Correlation (R) between two data sets can be calculated in a specific way, using a standard formula. On Wikipedia, it's the last formula in the "Pearson's product-moment coefficient" section - that's the coefficient we usually mean when we talk about "correlation". Excel has the =CORREL() formula for this, MATLAB has corrcoef(x,y), and so on.

PGL · 30-09-2013 01:25PM

Hi bnt.

Thanks for your response. I'm wondering if "correlation" is not entirely what I need to achieve.

It appears that in simple terms correlation means how close i follow the same trend as the target data I'm aiming to validate against.

Lets say for a basic example, the target data has two points, with the first having a Y-value of 5 and the second having a Y-value of 4 i.e. a line sloping to the right. Following my 1st validation attempt I come up with Y-values of 3 and 2. This results in a correlation of 1 with the target data. Following a 2nd validation attempt, lets say I'm getting closer with Y-values of 4 and 3. However the correlation is again 1 with the target data. Hence the same correlation for both the 1st and 2nd attempts, even though the 2nd attempt is much closer to the target data.

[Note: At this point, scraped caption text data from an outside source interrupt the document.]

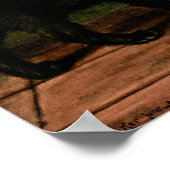 Katten in zwart-wit Poster (Hoek)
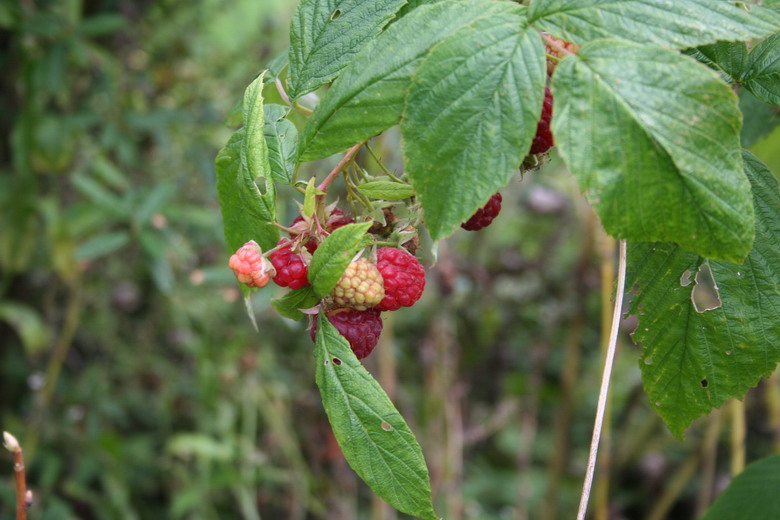 framboise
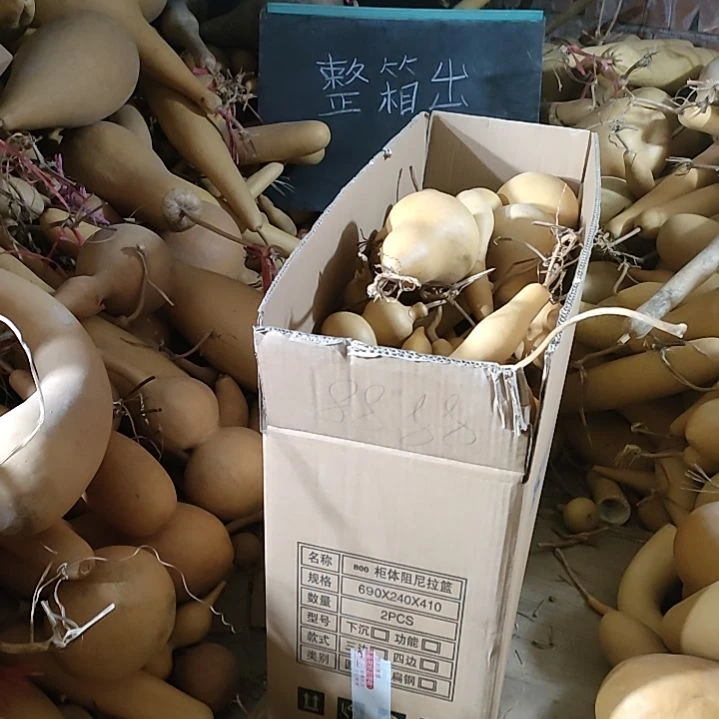 【闪购商品】天然葫芦刘****家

Can you point me in the right direction?

Many thanks!

PGL · 02-10-2013 11:17AM

Any takers folks?

Anonymo · 05-10-2013 01:50PM

PGL wrote: »

Any takers folks?

if you dont want to do this in the manner bnt suggests, then just understand that for lines, the correlation is just the cosine of the angle between them. so get the slopes, respectively tan theta1 and tan theta2 and solve for cos(theta1-theta2)

the example you gave are for lines with the exact same slope, so its to be expected that the correlation is 1 (correlation describes the comparison of behaviour, here slope, between two datasets). it sounds like you want a measure of how far one set of data points is from another. a distance measure would then be better. for each target data point measure its distance from the line. the overall measure is sqrt(sum of distances squared). whichever line has a smaller measure is your best fit. I know there is some stat package that covers linear regression and analysis of variance, but what i described is the gist of it

fergalr · 08-10-2013 10:23PM

Anonymo wrote: »

if you dont want to do this in the manner bnt suggests, then just understand that for lines, the correlation is just the cosine of the angle between them. so get the slopes, respectively tan theta1 and tan theta2 and solve for cos(theta1-theta2)

I'm not sure exactly what the OP is trying to do. I think there's many ways of interpreting the question, and some of them get complicated.

But I don't think it makes sense to just compare the slopes of the lines, if you want to compare the two linear models.

Even if we assume that both the OP's model and Joe Bloggs' model have the same dimensions/variables, scaled the same way, two regression lines that have a similar slope, but different intercepts, might be very different models.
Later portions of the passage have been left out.